Words by Farrah Skeiky, photos by Christopher Chen
Belligerence is not to be planned, not to be set up. Premeditated belligerence is a marketing tool aimed at teenagers– but maybe we shouldn’t go there when talking about a band that has two cell phone commercials.
Belligerence is a decision you make as it happens. When Black Lips pick up their instruments and go on the offensive, they don’t have to try to be belligerent, that’s just the music they make. And it’s the attitude they inspire. If you were standing still at this show– why? There were lots of rooms in DC you could have done that in. This was not it.
Belligerence isn’t always as straightforward as abandoning manners and shoving your friends around in the pit. Sometimes it comes in the form of being the last thing people expect you to be, like Natural Child. They surprised the room as they transitioned from twangy sing-alongs to much heavier 80s guitar-laden passages, all delivered with a good dose of southern crooning and general brashness. Their latest tracks somehow came together to create the most polished album they’ve got to date where the 70s are alive and well. You wouldn’t be able to tell that Natural Child had only recently adopted a family-band style of playing because they ease into it so comfortably.
Black Lips and Natural Child fit perfectly in this bill. Both are southern bands, and one thrives in country playing styles and themes while the other has just enough of that influence for it to be noticeable. The latter, Black Lips, were less polished and more aggressive on stage. They graced every song they played with the effort it deserved, instead of saving the “good stuff” for the two songs everyone in the room knew from different commercials. The emotions evoked were that of, “I don’t care if I look like an idiot, I don’t care if I step on your foot. I’m having the time of your life with my friends.” This was true in the pit, it was true of everyone right on the edge of the pit flailing and jumping and generally dancing like Muppets.
If you only knew songs out of commercials and TV shows (“We have two commercials but we’re not on the radio, what’s up with that?” was asked at one point), you should have felt foolish. Off of the latest album Underneath the Rainbow, Dog Years and I Don’t Wanna Go Home and Boys in the Wood outshined the rest. But the performance that perfectly encapsulated the whole night was a cover of T.Rex’s Bang a Gong. Cole was forgetting words (as they were just learning the song), but no one seemed to mind– the attempt wasn’t half-assed or incomplete. It was rousing and delivered true to Black Lips form– much faster, much louder, much more compelling to dance to.

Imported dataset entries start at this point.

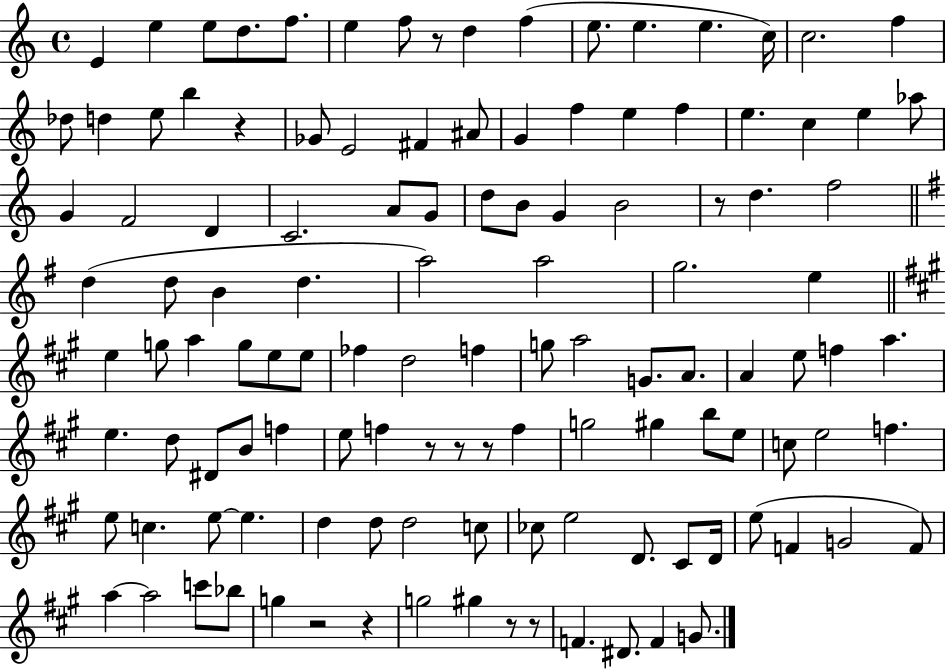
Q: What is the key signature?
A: C major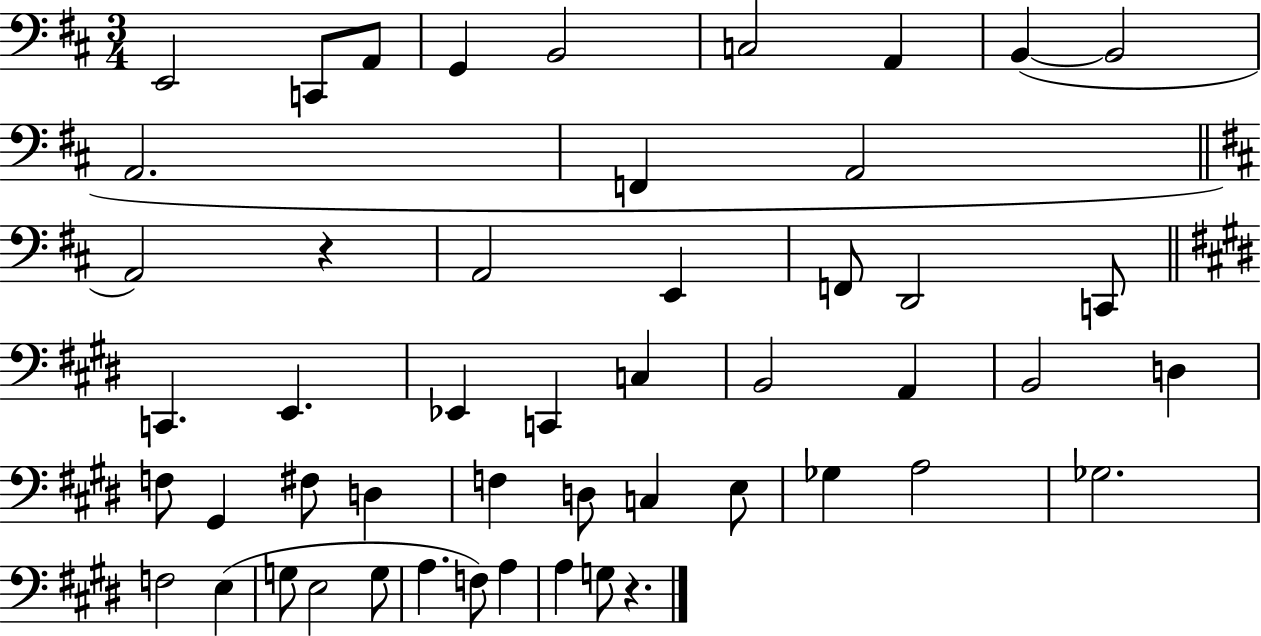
E2/h C2/e A2/e G2/q B2/h C3/h A2/q B2/q B2/h A2/h. F2/q A2/h A2/h R/q A2/h E2/q F2/e D2/h C2/e C2/q. E2/q. Eb2/q C2/q C3/q B2/h A2/q B2/h D3/q F3/e G#2/q F#3/e D3/q F3/q D3/e C3/q E3/e Gb3/q A3/h Gb3/h. F3/h E3/q G3/e E3/h G3/e A3/q. F3/e A3/q A3/q G3/e R/q.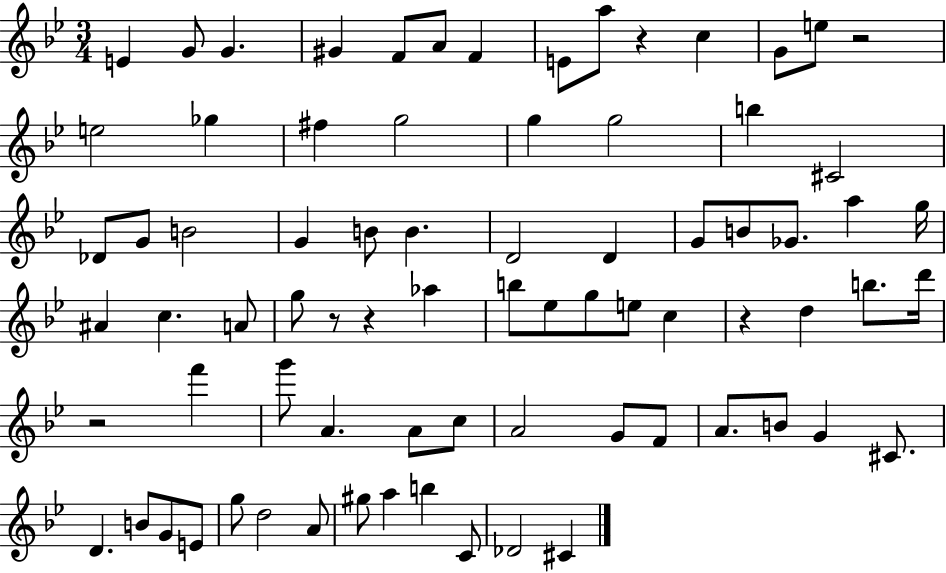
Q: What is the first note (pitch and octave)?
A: E4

The night ended with many chants of “We’re the kids in America!” that rose from one corner of the room and followed energized fans outside. It didn’t feel cliche, it just felt true. Adults in that room felt like kids again, and twenty-somethings felt like high-schoolers. This set had inspired memories of cutting loose without considering the consequences, and what it felt like to yell until you finally felt better. Except for this time, there were no negative consequences and no one to hurt with your temper tantrum. It was possibly the most goodhearted display of belligerence I’ve ever seen.